2 Big Technology Stocks That Are Back
Big technology stocks have been left for dead in 2022, with the bellweather QQQ tech ETF sliding from $401 to $309 year-to-date and losing nearly a quarter of its share value. The market has no appetite for risk as interest rates rise, but are these stocks that bad? Last Friday, DocuSign soared 10.5% after it released a slam-dunk Q2 and forecast. For perspective, though DOCU remains a long ways from its all-time high, but the surprise beat and rally alerted the market that tech companies are still performing even if they are out of fashion on Wall and Bay streets. So, this week we look at DocuSign and Adobe to see if they have more than one life.
DOCU rocketed to highs of $310.05 a year ago when we were still in the pandemic, not holding face-to-face meetings, and signing documents electronically. That is DOCU’s business, and it thrived in 2020-1. Now, we are past Covid, but DOCU shares have plunged because it is stigmatized as a Covid stock. Shares trade around $65, right at DOCU’s 50-day moving average, but a far cry from its 200-day of $100. It’s safe to say that DOCU was overvalued during Covid, and you can make a case that it is oversold now.
Taking a step back, DOCU revenues have climbed from $250 million in 2016 to $2.1 billion in its last fiscal year. Meanwhile, cash levels are rising. Flashforward to last week’s report in which EPS clocked in at $0.44. That was actually down 6% from a year ago, but higher than the expected $0.42. Also impressing the street were revenues of $622.2 million beating $602 million (a 22% increase YOY). The company issued a rosy forecast of $626 million in revenues vs. the street’s $625 million.
All told, the street was pleasantly surprised and has been snapping up shares since that report. Of course, there are no illusions that DOC will return to $310.05 anytime soon, but the technology stock has been beaten up so badly in 2022 that it probably has bottomed. The latest numbers show that businesses haven’t completely abandoned e-signatures. True, more and more workers are returning to the office, but the mass return has been gradual, not a tsunami. More cautious investors can buy this on dips with an eye to holding on long-term. Take note that DocuSign does not pay a dividend and has a beta of 1.21.
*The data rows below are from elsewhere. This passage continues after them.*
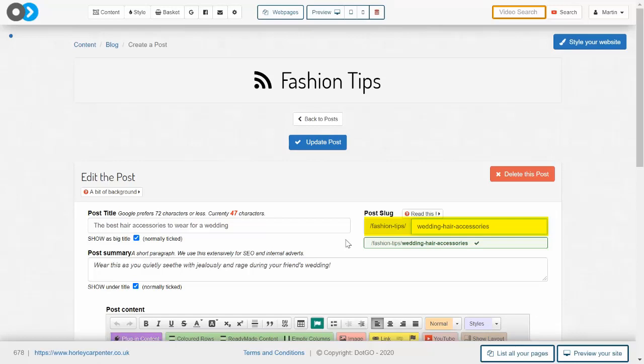With that, you now know what slugs are and how they can be determined by you, the website owner, whenever you add a new page to your website. This gives your pages the best chance of being indexed correctly by Google and also means that visitors to your website can clearly understand what every page is about, allowing for easier navigation.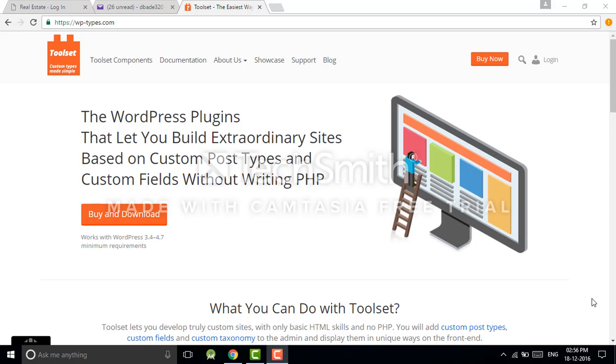Hello guys, welcome to my channel. In the last lecture we had a discussion about Toolset plugin. To continue in this lecture, as I told you...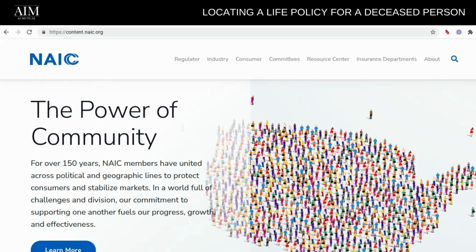Today I'm going to show you how to look up a life policy for a deceased family member. What you need to do is head over to NAIC.org, and that's N-A-I-C dot O-R-G.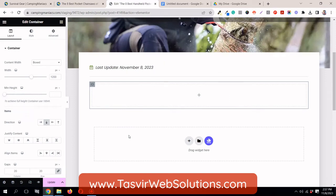If you use Elementor a lot to make pages or posts, you are going to find this video very useful. In some cases you want to use buttons with different designs or styles for different purposes. For example, you might want to use a button with an orange background color or square corners for call to actions. But Elementor doesn't have a save as template option for its individual elements or widgets.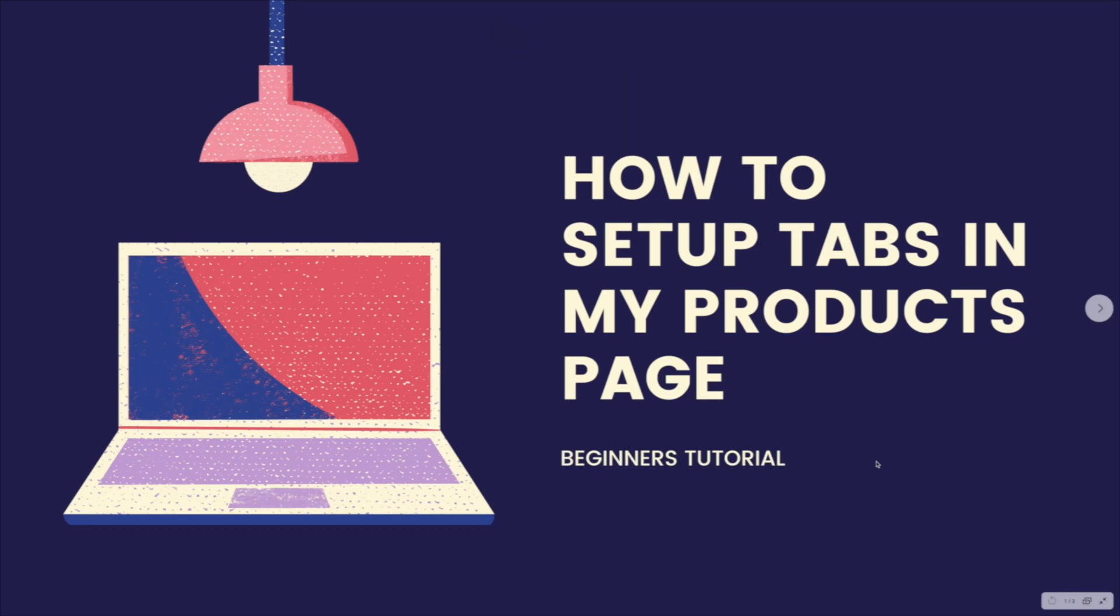Hello everyone, thank you again for joining. This is yet another video from Resolutions Design. This video we're going to talk about how to set up tabs in my product page. It's a beginner's tutorial.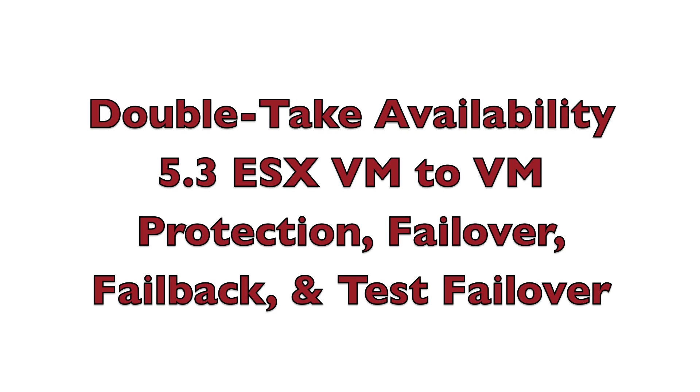Double Take Availability 5.3 ESX VM-to-VM Protection: Failover, Failback, Test Failover, and Undo.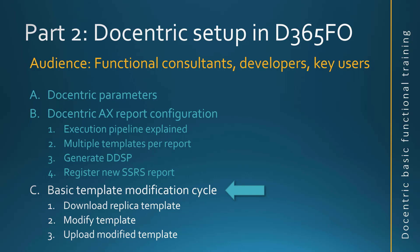For the end of this series of trainings, let's see one simple basic modification cycle. We will start from one Docentric replica for purchase order, we will download it, make some minor modification on it and apply it again back through the configuration.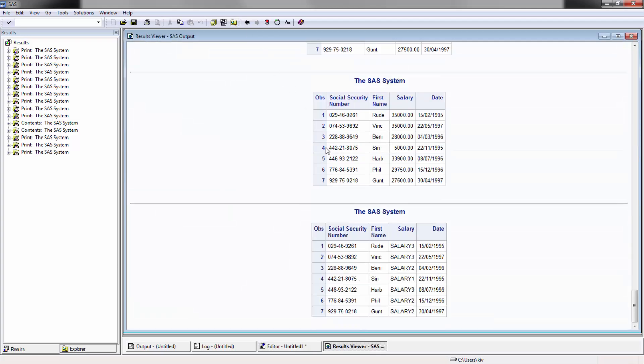Now if I run it, you're going to see here the salaries have now been replaced with these particular values. So that's it. That's all I'm going to cover. I'm going to cover some more advanced stuff when we do our intermediate SAS, but until then, if you have any questions or comments, feel free to leave it in the comment section below. Don't forget to subscribe, and I look forward to speaking to you next time. Thank you.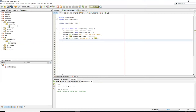Hey guys, this is Wes and welcome to your sixth Java tutorial. Today we're going to do something a little different. We're going to assign you a project, which is just a review of what we've gone over so far.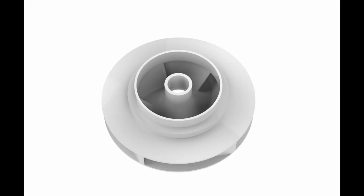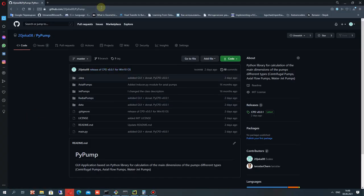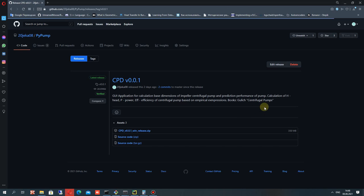Hello guys, in this video tutorial I will show you how to create the 3D model of an impeller of a centrifugal pump in ANSYS Design Modeler workbench.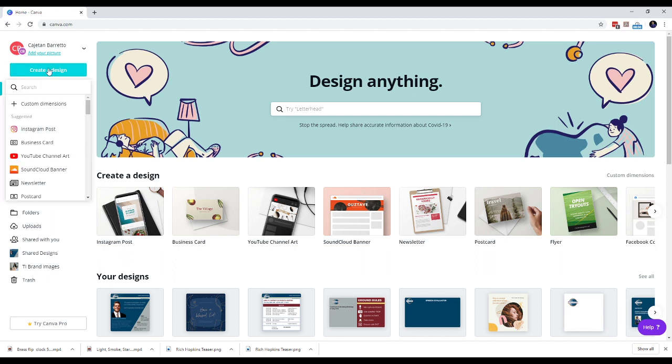You have several options. Let's say we want to create an Instagram post. So I will choose the first option, Instagram post.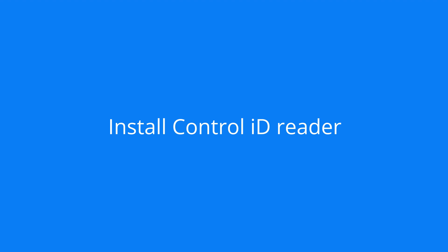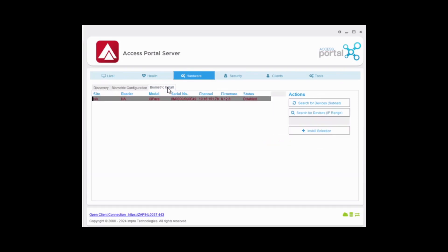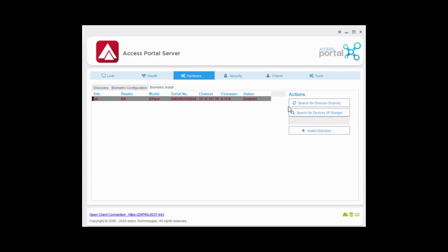The readers will be installed using the Access Portal Server application. Navigate to hardware and select Biometric Install. Here you have two options: search for devices on the subnet or search for a device by IP range.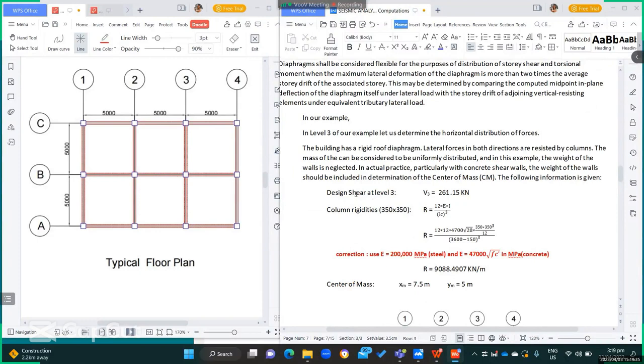The following information is given. The design shear at level 3, V sub 3, is equal to 261.15 kilonewtons.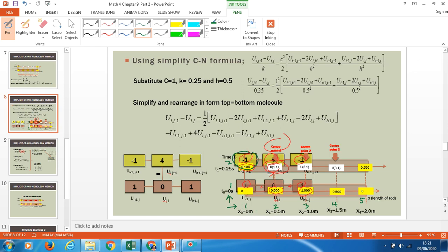For example, for this molecule: the coordinate at x-axis is 1 and y-axis is 2, so this is u(1,2). This will be u(2,2); at this position the coordinate is u(3,2); this is u(4,2); and this is u(5,2). Then u(1,1), u(2,1), u(3,1), u(4,1), and u(5,1). So this is how you can rewrite the coordinates back.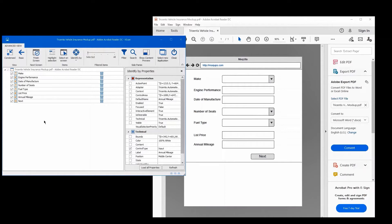If you look at the technical properties, you will see that we are now using typical visual properties like the control type, which in this case is an input. It could also be a dropdown, a table, and so on. You can also specify the label — in this case, we would look for a control which is an input associated to a label that says 'annual mileage.' All of this only works on the visual representation on the screen and does not need any connection to the technology and the underlying tech layer.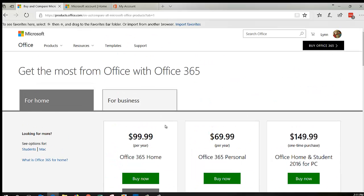So you bought Office, you put it on your machine, and now you want to share it with some family members. How do you do that?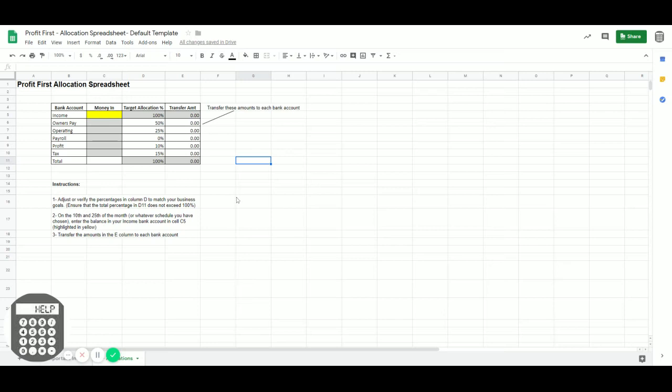With this spreadsheet, you can save time. You don't have to worry about pulling out a calculator and dreading math, trying to figure out how much you need to transfer.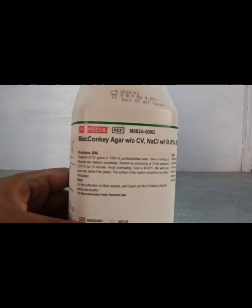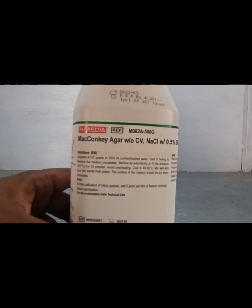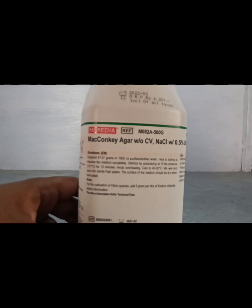As per the instructions, 47 g of powder needs to dissolve in 1000 ml of purified distilled water. We are taking 200 ml of purified distilled water, so as per calculation, 9.4 g of agar is required. We will take a few extra grams because at the time of measurement, some agar powder tends to stick closely to the paper, making it very difficult to remove. So we will take some extra amount.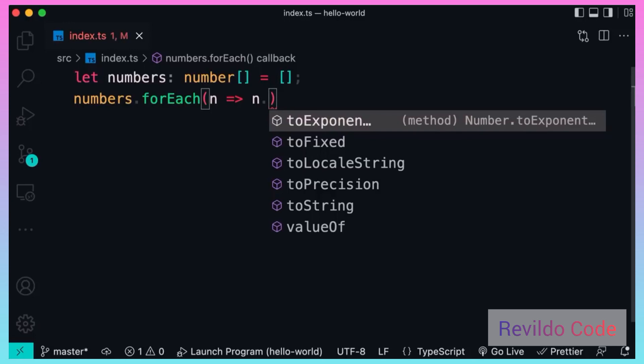So we can see all the methods of number objects. This is very useful. It's a great productivity boosting feature we don't get this with plain JavaScript, right? So that's another benefit of using TypeScript. That's all about the arrays. Next we're going to talk about tuples.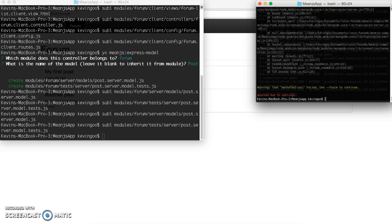This is part 3 of the mean.js tutorials. In our last video we just created our model and the tests for the model. We ran our tests and of course our tests failed because we did not implement that feature yet. In these videos we will generally be creating our tests first and then creating the functionality that should make those tests pass.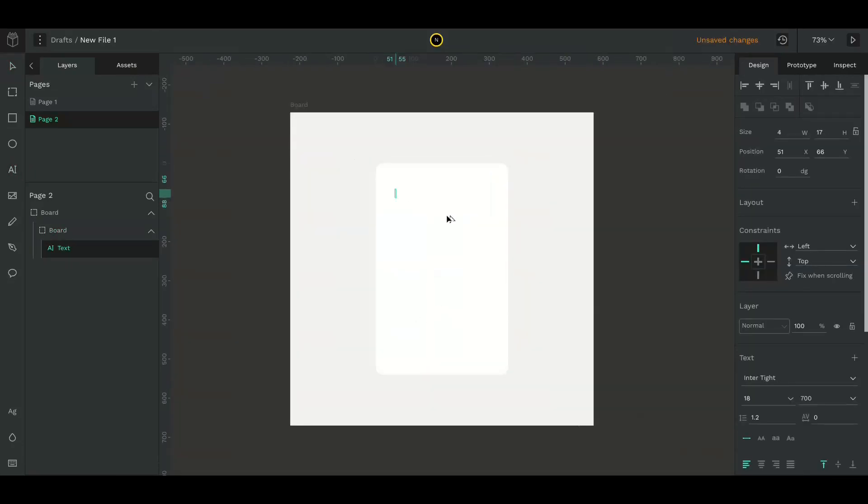Select the text tool and type the headline. I'll keep the size as 22 and make it bold.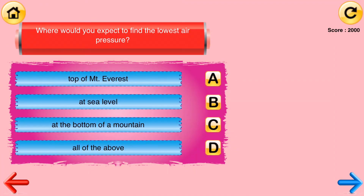Where would you expect to find the lowest air pressure? Top of Mount Everest? At sea level? At the bottom of a mountain? All of the above?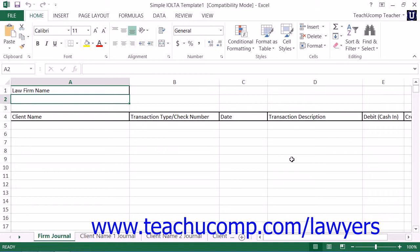This information can then be copied to a new workbook and modified as needed in order to comply with many states' IOLTA reporting requirements.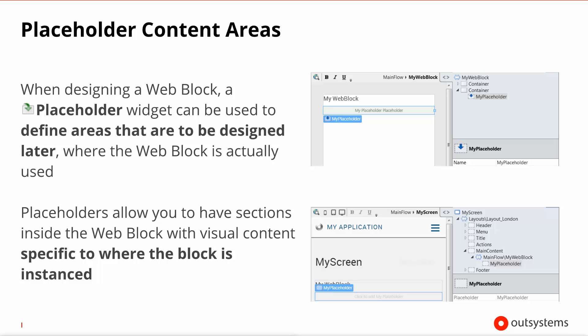One final point: when designing a web block you have access to a special widget called the placeholder. You can drag the placeholder into the body of your web block to mark an area that is meant to be designed later, wherever the web block is actually instantiated. So you defer the HTML content of that section to the screen that includes the web block. In the editor you can see the placeholder, and when the block is used inside a screen that section is editable — it works almost as if it were a hole inside your web block.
DocuSign‘s surprise beat bodes well for Adobe which reports its Q3 on Thursday this week. Adobe is often spoken in the same breath as DocuSign, since both companies offer e-signing services. However, Adobe has been around longer and does more than e-signs. It’s more famous for its Photoshop and Illustrator, which is essential software for photographers and visual artists, respectively. The end of lockdowns does not mean that these users will disappear and these products are deeply entrenched and boast customer loyalty. They ain’t going anywhere.
Adobe has been transitioning hard into cloud-focused subscriptions, a revenue model that has worked wonders for Microsoft and Apple and is the natural path forward. Adobe’s EPS was $3.11 a year ago, and the street expects $3.33 this time around. That’s a modest increase, so the street is playing it cautiously. It helps that Adobe has already tempered expectations. In June, Adobe issued weaker-than-expected guidance for both this quarter and the full year given the strong U.S. dollar and the impact of Russia’s war in Ukraine.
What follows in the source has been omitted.